While federal loans let the unemployed defer payments without fees, Sallie Mae charges $50 per loan every three months, writes Gray, who has three loans that can’t be consolidated. Meanwhile, interest is accruing.
If I don’t find full-time work before the end of January, Sallie Mae is going to charge me another $150 in “forbearance fees” — while my total debt continues to grow by approximately $1,200.
Please join me in asking Sallie Mae to stop double-dipping. Sign my petition calling on Sallie Mae CEO Albert Lord to stop charging forebearance fees to unemployed students wishing to avoid default.
Sallie Mae spokesperson Patricia Christel described the fee as “a good faith deposit that acknowledges the importance of and commitment to resuming payments in the future,” reports the Chronicle of Higher Education.
“When I pay a deposit on my apartment, I get my money back at the end of the lease,” Gray responds. “If this were a ‘deposit,’ borrowers would either get their fees back at the end of the forbearance or the money would be applied to the loan’s balance. Neither of these is true.”
Less-skilled workers face bleak prospects
It’s bad out there — very bad — for laid-off workers seeking new jobs, reports the New York Times. Only 7 percent of people who’ve lost jobs in recent years have regained their previous incomes and lifestyles, concludes a study released Friday by the John J. Heldrich Center for Workforce Development at Rutgers. Fifteen percent believe their drastically reduced incomes probably will be permanent.
Though unemployment fell to 8.6 percent in November, most of that came from people leaving the workforce. Employers added only 120,000 jobs.
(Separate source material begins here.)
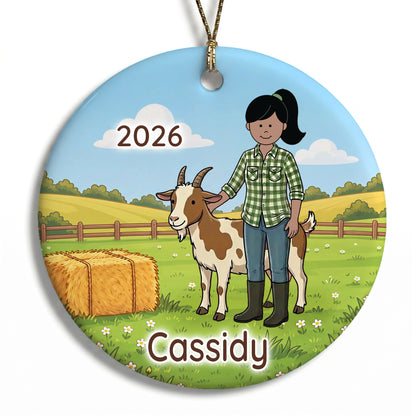 Personalized Farming Christmas Ornament – Girl with Goat - E - Black Straight Hair / Medium Skin,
Less-skilled workers — especially men — ave been hit very hard.
After 22 years on the job, (Bill) Loftis, 44, was laid off from a company that produces air filters and valves in Sterling Heights, Mich., three years ago. . . .
Despite applying for more than 100 jobs, he has been unable to find work. He has drained most of his 401(k) retirement fund, amassed credit card debt, and is about to sell his car, a 2006 Dodge Charger. “It’s looking hopeless,” he said.
“The news is strikingly bad,” said Cliff Zukin, a professor of public policy and political science at Rutgers who compiled the study.
What is Happening to America’s Less-Skilled Workers?, a project of Brookings’ Hamilton Project, looks at the importance of education and training, especially for men without a college degree.
The employment rate for male high school graduates has fallen from 96 percent in 1970 to only 75 percent today, as shown below. Median annual earnings are just $26,000 today—about half of the $50,000 the median man with a high school diploma brought home forty years ago.
Workers with only a high school degree now earn about 20 percent less than high-school graduates did 40 years ago.
A Hamilton Project forum advocated two approaches to job training:
Raising Job Quality and Skills for American Workers calls for $2 billion in competitive grants to fund job training for 250,000 disadvantaged workers each year. Community and technical colleges would collaborate with employers to train workers for jobs in well-paid sectors such as truck driving or nursing.
Policies to Reduce High-Tenured Displaced Workers’ Earnings Losses through Retraining focuses on helping experienced workers transition to new careers that pay well.
Women earn 62% of associate degrees
Women earned 62 percent of associate degrees awarded in 2008-09, concludes the federal Condition of Education report.
Some 787,300 associate’s degrees were awardedin 2008-09, a 41 percent increase in a decade. One third of degrees were in liberal arts and sciences, general studies, and humanities; another fifth were in health fields. While psychology degrees more than doubled in 10 years, engineering and engineering technologies, a heavily male field, showed an 8 percent decline.
About 57 percent of all bachelor’s degrees conferred in 2008–09 were awarded to women, the report found.
Long-term unemployment has hit hardest at men with a high school diploma or less. The trends are not good.